Quirk Books
- Founded: 2002; 24 years ago
- Founder: David Borgenicht
- Country of origin: United States
- Headquarters location: Philadelphia, Pennsylvania
- Distribution: Penguin Random House Publisher Services
- Publication types: Books
- Official website: www.quirkbooks.com

= Quirk Books =

American independent book publisher

Quirk Books is an imprint of Andrews McMeel Publishing based in Philadelphia. Prior to their acquisition by Andrews McMeel in October 2025, Quirk Books was an independent book publisher.

==History==
Before 2002, Quirk Books was a creative studio that would pitch novel ideas to other publishers. Quirk Books was founded as a publishing company in 2002 by David Borgenicht, co-author of The Worst-Case Scenario Survival Handbook. During its first years of operation, Quirk Books mainly targeted the gift book category. Quirk Books would publish one-note joke books, but this genre was eroded with the arrival of humor blogs. Jason Rekulak, who is credited for being the house's publisher who developed the mash-up novel style that makes the singularity of the company, got the idea of digging into public domain classics and mash them with fiction or horror features.

The release of Pride and Prejudice and Zombies (Seth Grahame-Smith, 2009) was the publisher's first venture into the novel mashup genre.
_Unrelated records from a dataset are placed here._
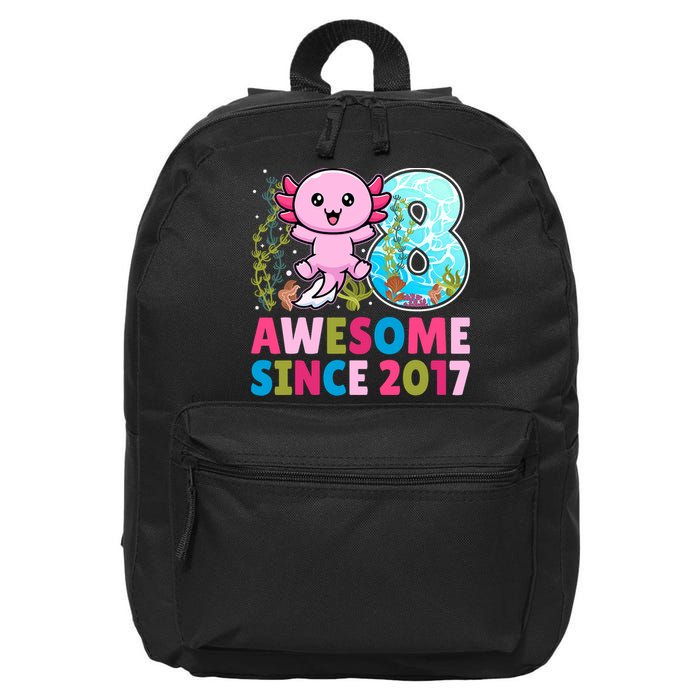 Awesome Since 2017 Cute Axolotl  8th Birthday Party  16 in Basic Backpack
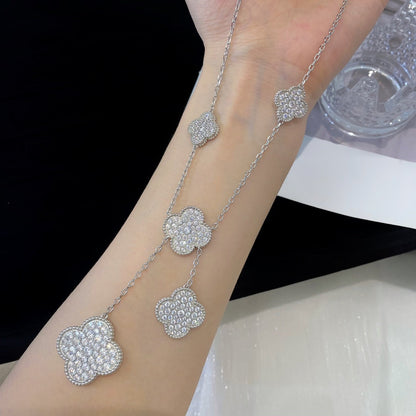 [Kincade Jewelrys]CLOVER 5 MOTIFS SILVER DIAMONDS NECKLACE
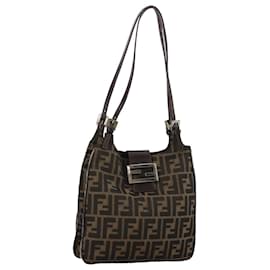 Fendi-FENDI Zucca Canvas Shoulder Bag Brown Auth 104730-Brown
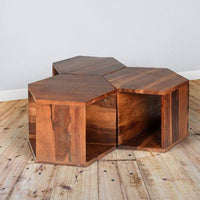 Sheesham Wood Arshia Set Of 3 Hexagonal Tables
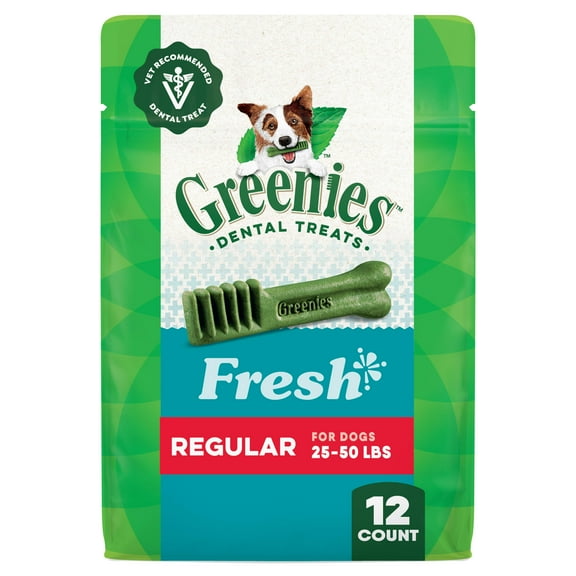 Greenies Fresh Flavor Adult Natural Dental Dog Treats Regular Size, 12 oz Pack (12 Count)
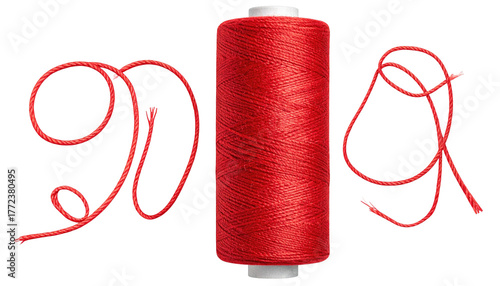 A bright red spool of thread with loose loops on either side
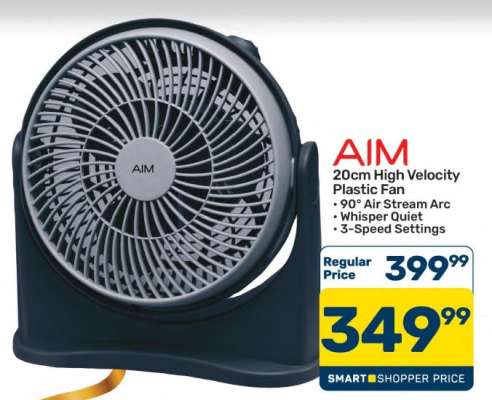 AIM 20cm High Velocity Plastic Fan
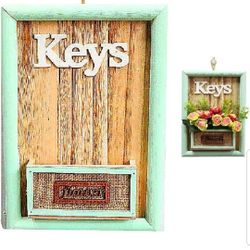 Wood Flower Vase,Wall Hanging Plant Pots, Modern Keys Rectangle Brackets Decoration,Indoor Outdoor On Living Room,Bedroom,Study,Garden,Kitchen,Patio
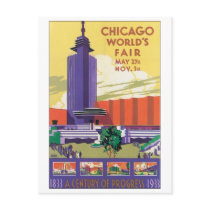 Chicago World's Fair Poster 1933 postcards by vintagegiftmall Chicago World's Fair Poster 1933 postcards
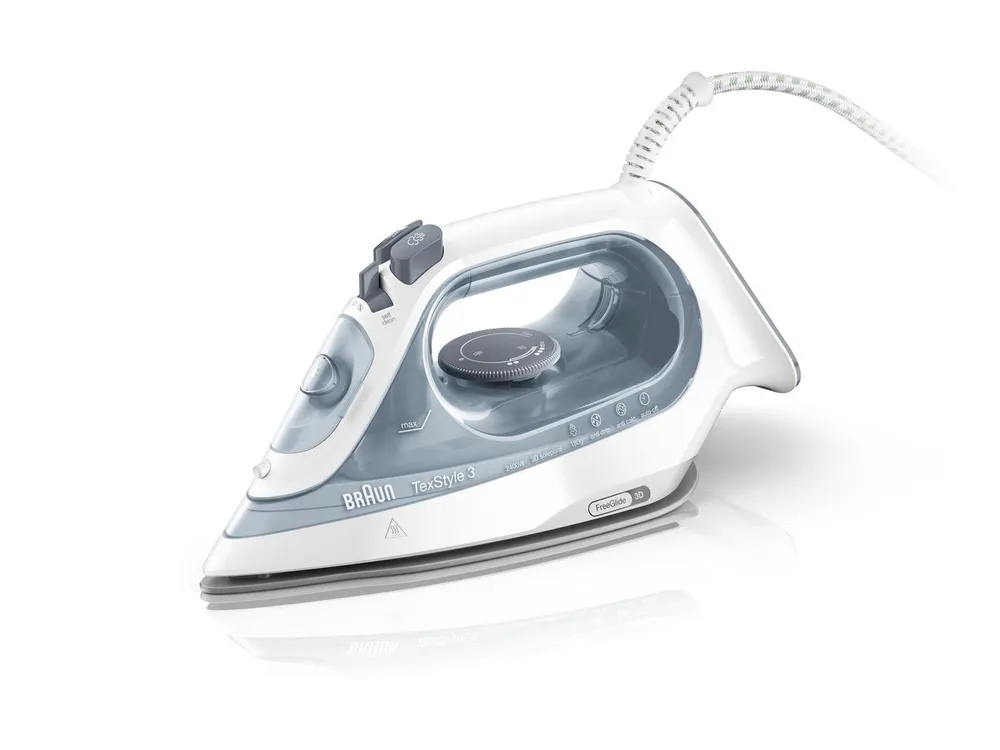 Braun Dampfbügeleisen TexStyle 3 SI 3054 GY - 2.400 W, 180 g Dampfstoß, 270 ml Wassertank, 2400 W, 45 g Dampfmenge, SuperCeramic Bügelsohle, 35 Sek. Aufheizzeit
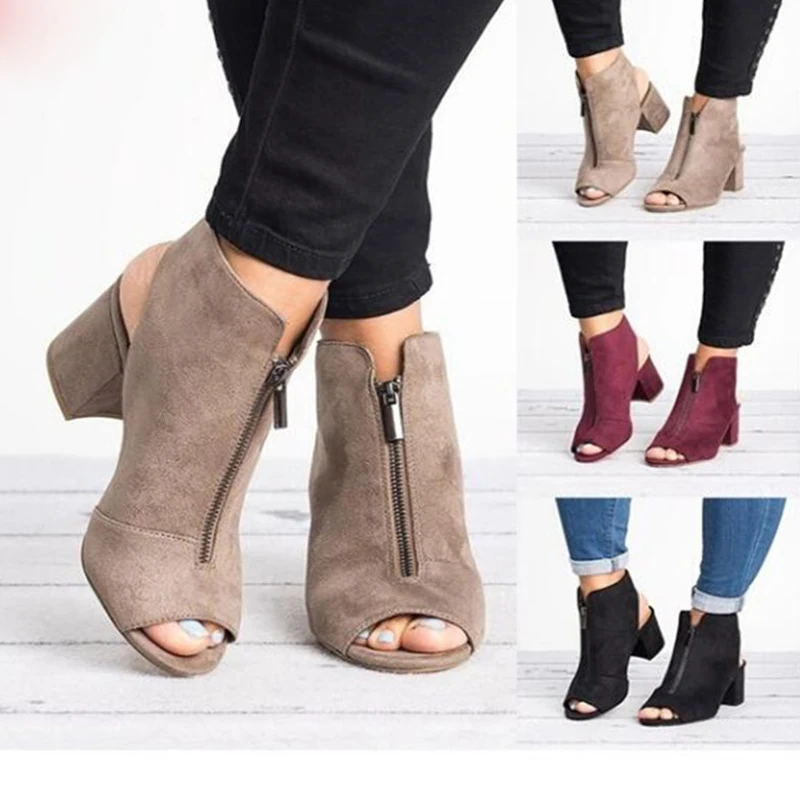 

2019 Summer Solid Ankle Boots Sandals High Heels Zip Shoes Woman Fashion Pumps Peep Toe Women Shoes Plus Size XWZ5689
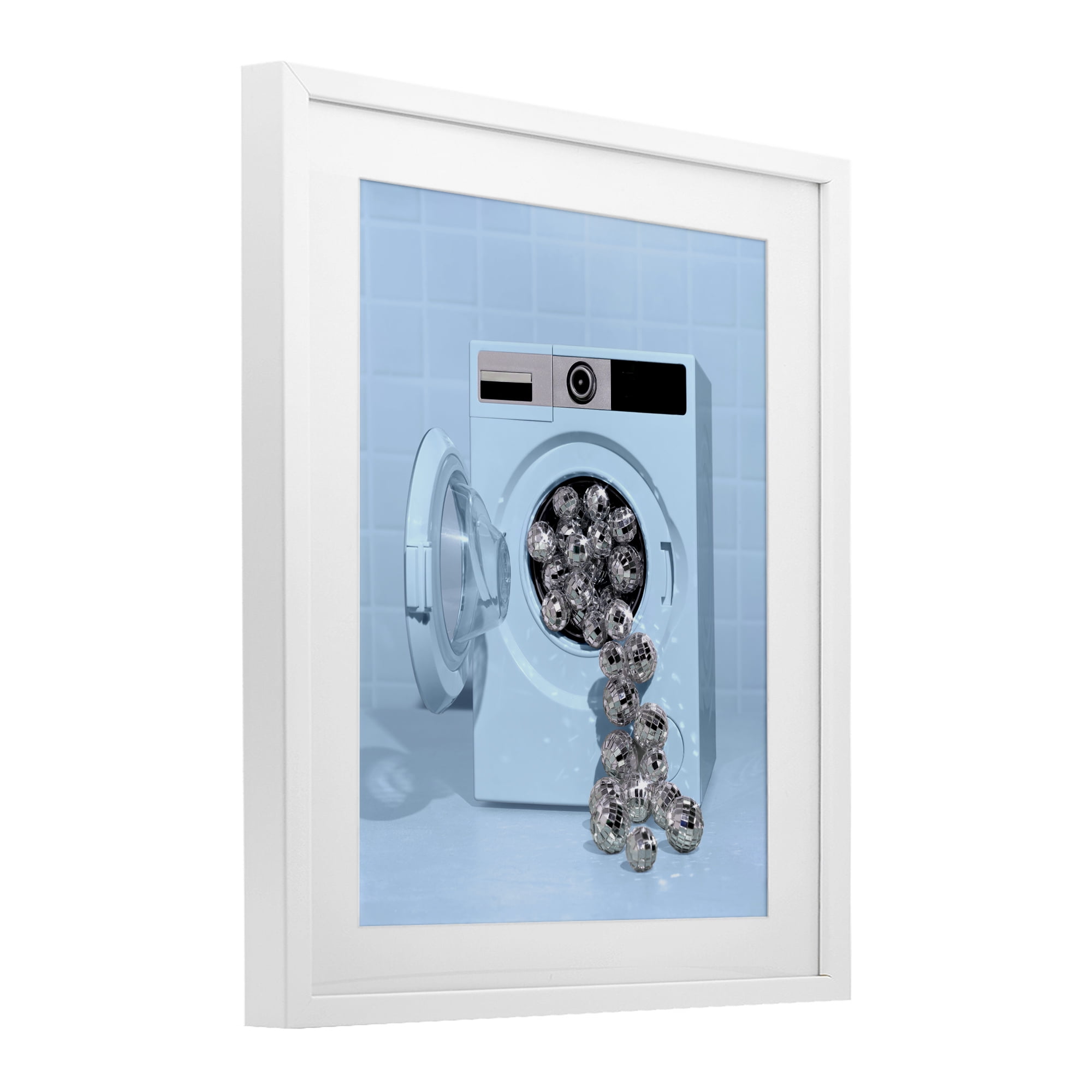 Stupell Industries Disco Laundry Machine over Blue White Framed Print Under Glass, design by LISH Creative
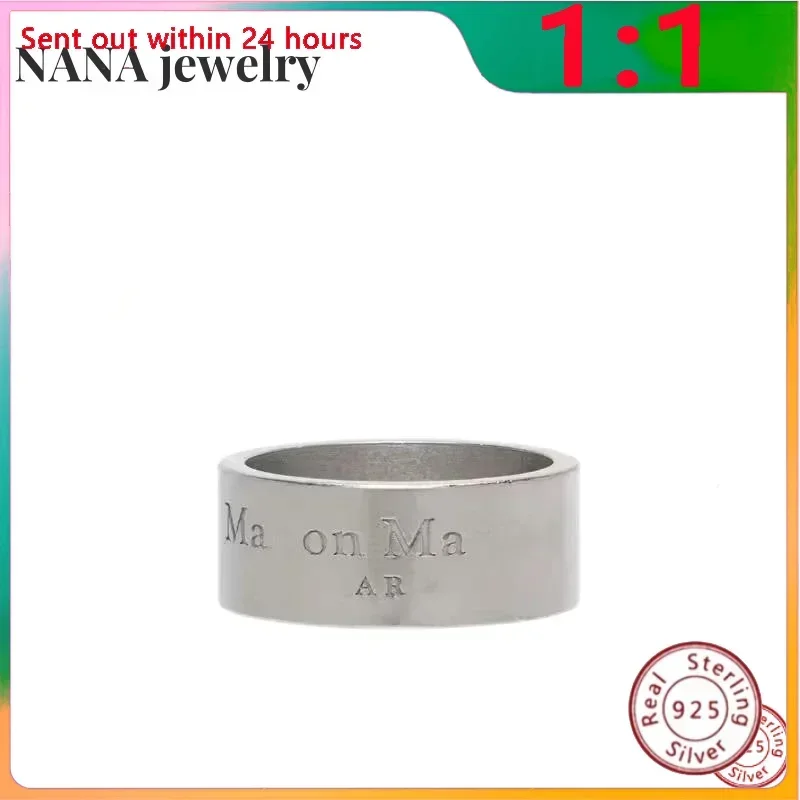 The Never Sleeping Style S925 Sterling Silver High-end Men's and Women's Wide Edition Ring Is Popular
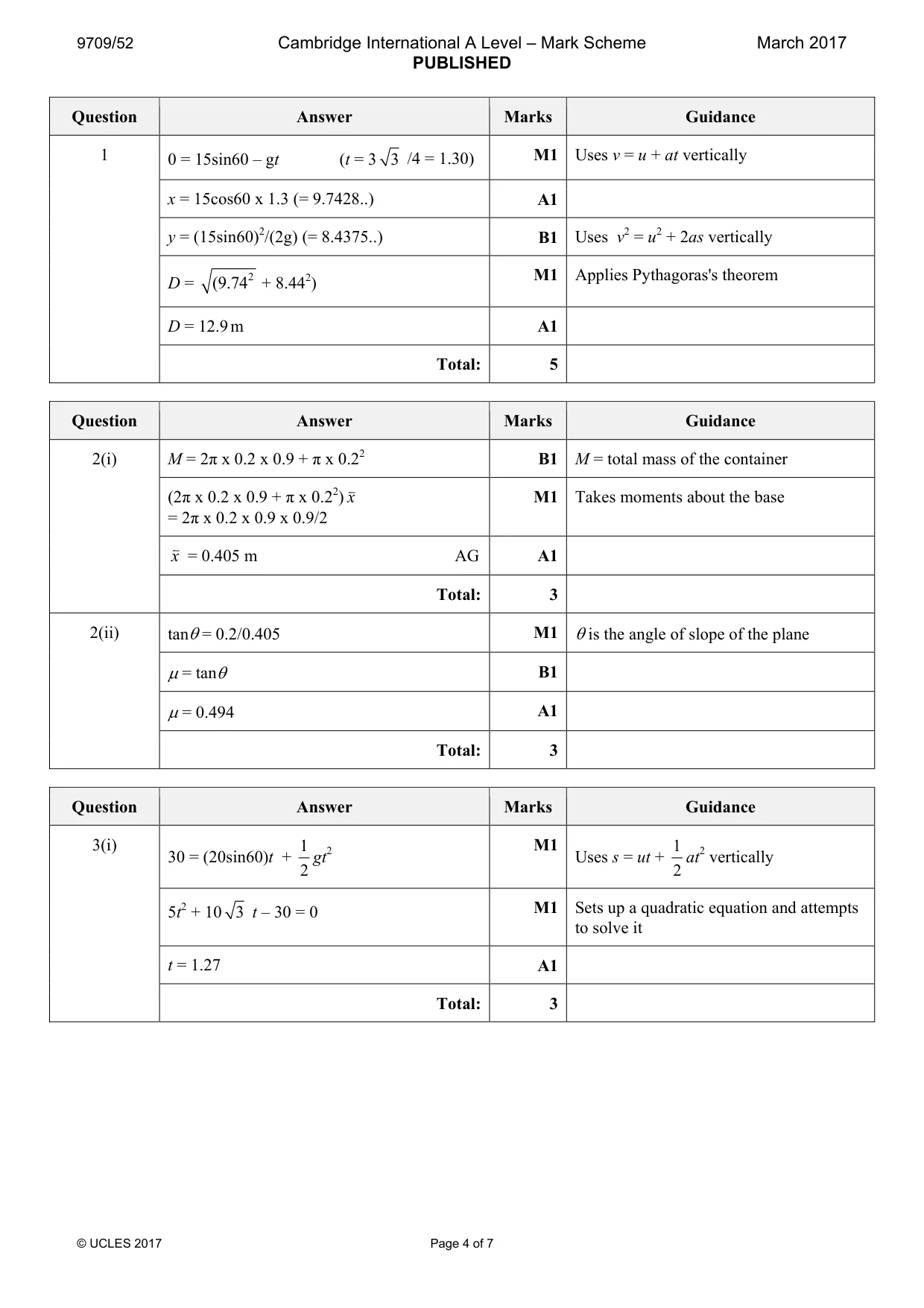 Mark scheme, page 4 of 7
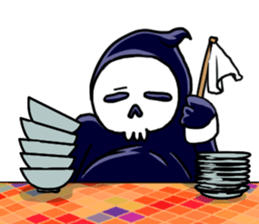 skull here there sticker #9665340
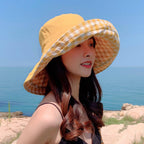 Women's Reversible Checkered Bucket Hat Yellow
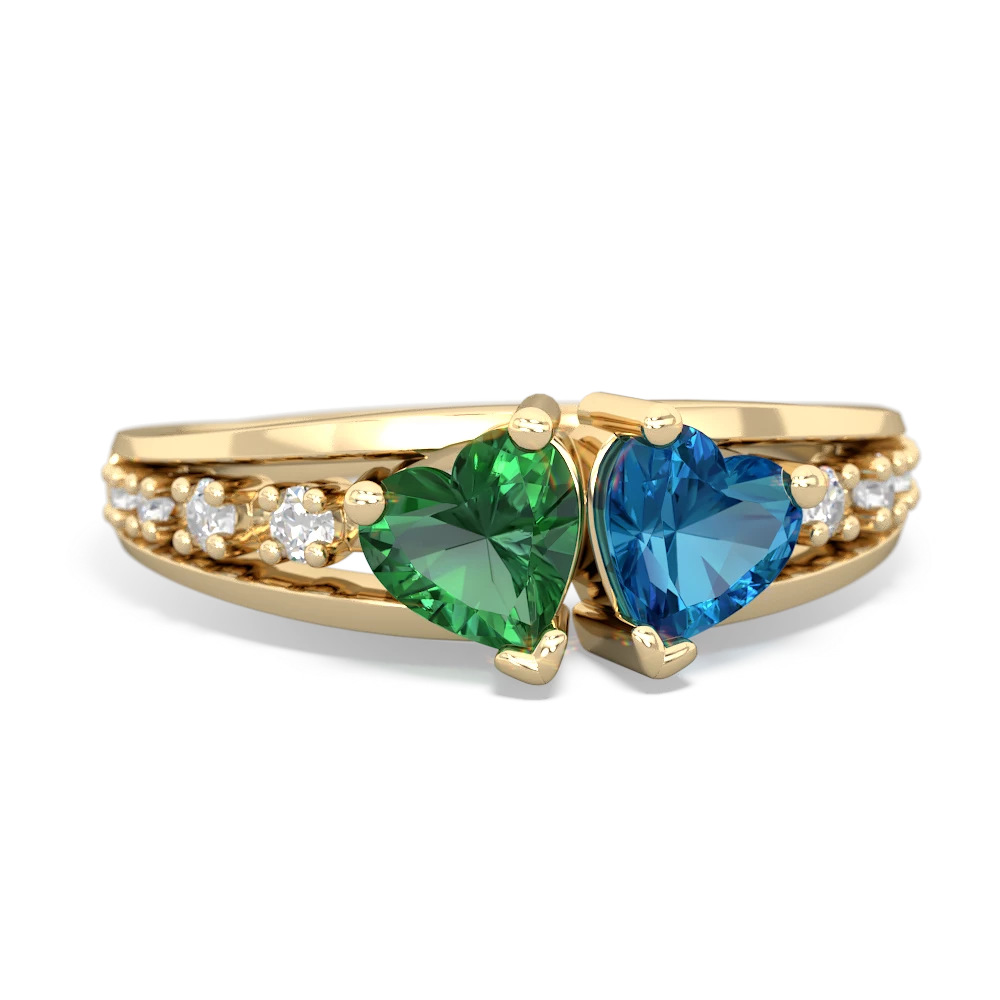 Lab Emerald Heart To Heart 14K Yellow Gold ring R3342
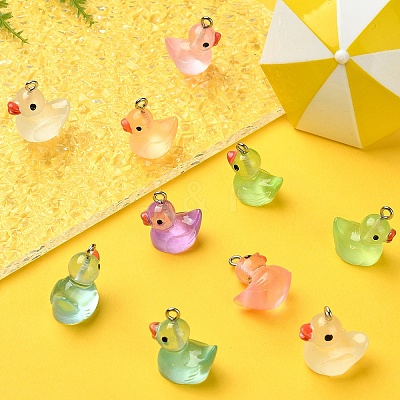 21Pcs 7 Styles Luminous Transparent Resin Pendants RESI-YW0001-82-1
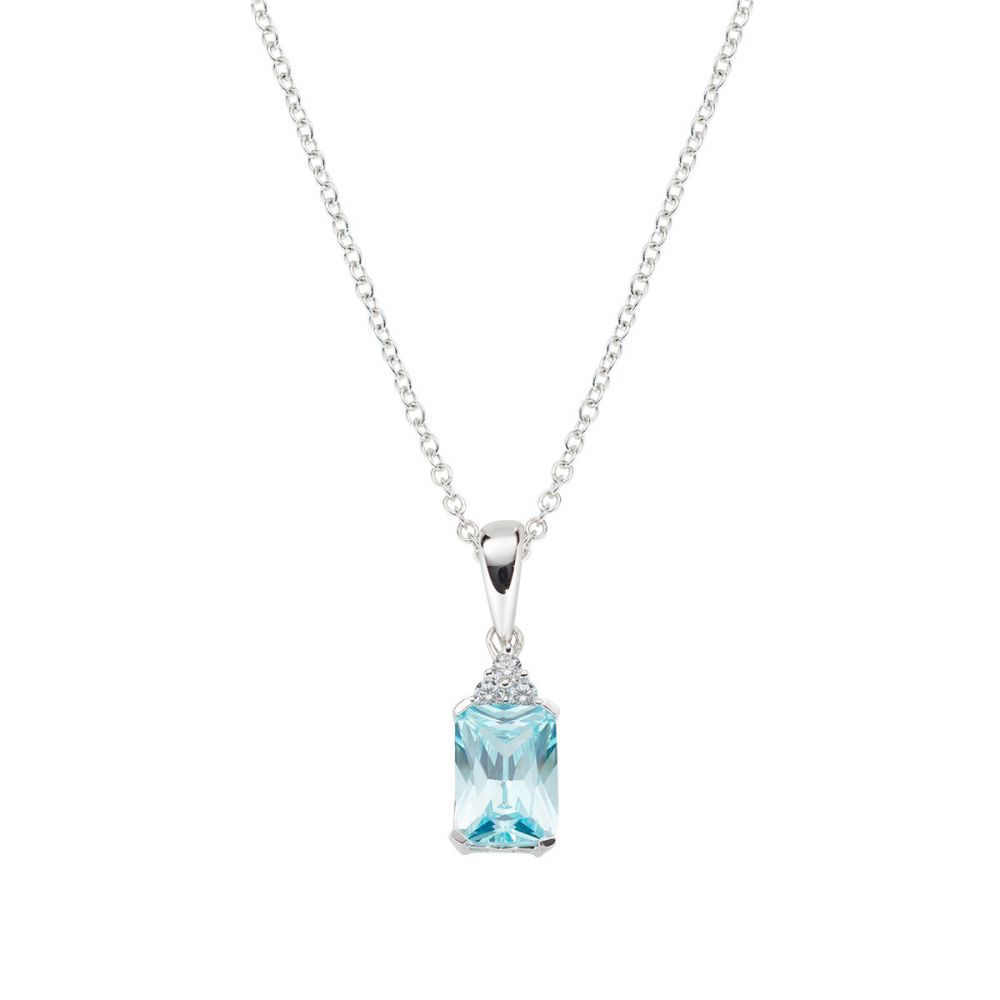 Amen Collana Argento Cristallo Acquamarina e Zirconi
The original idea was developed by Rekulak and assigned to Grahame-Smith with a $5,000 advance. It made The New York Times bestseller list for more than 50 weeks, which led the publishing company to commission more. In 2013, Quirk Books launched the William Shakespeare's Star Wars series (Ian Doescher, 2013). Miss Peregrine’s Home for Peculiar Children sold more than 9 million copies and spent more than 108 consecutive weeks on the New York Times Bestseller List for Young Adult fiction.

In May 2018, Quirk Books moved into the graphic novel arena with the release of Manfried the Man (Caitlin Major, Kelly Bastow), followed by the release of Giraffes on Horseback Salad (Josh Frank, Manuela Pertega) based on an original story by Salvador Dalí.

Quirk Books has also licensing agreements with the production companies' 20th Century Fox and Universal to make children's books out of the movies Home Alone and Back to the Future.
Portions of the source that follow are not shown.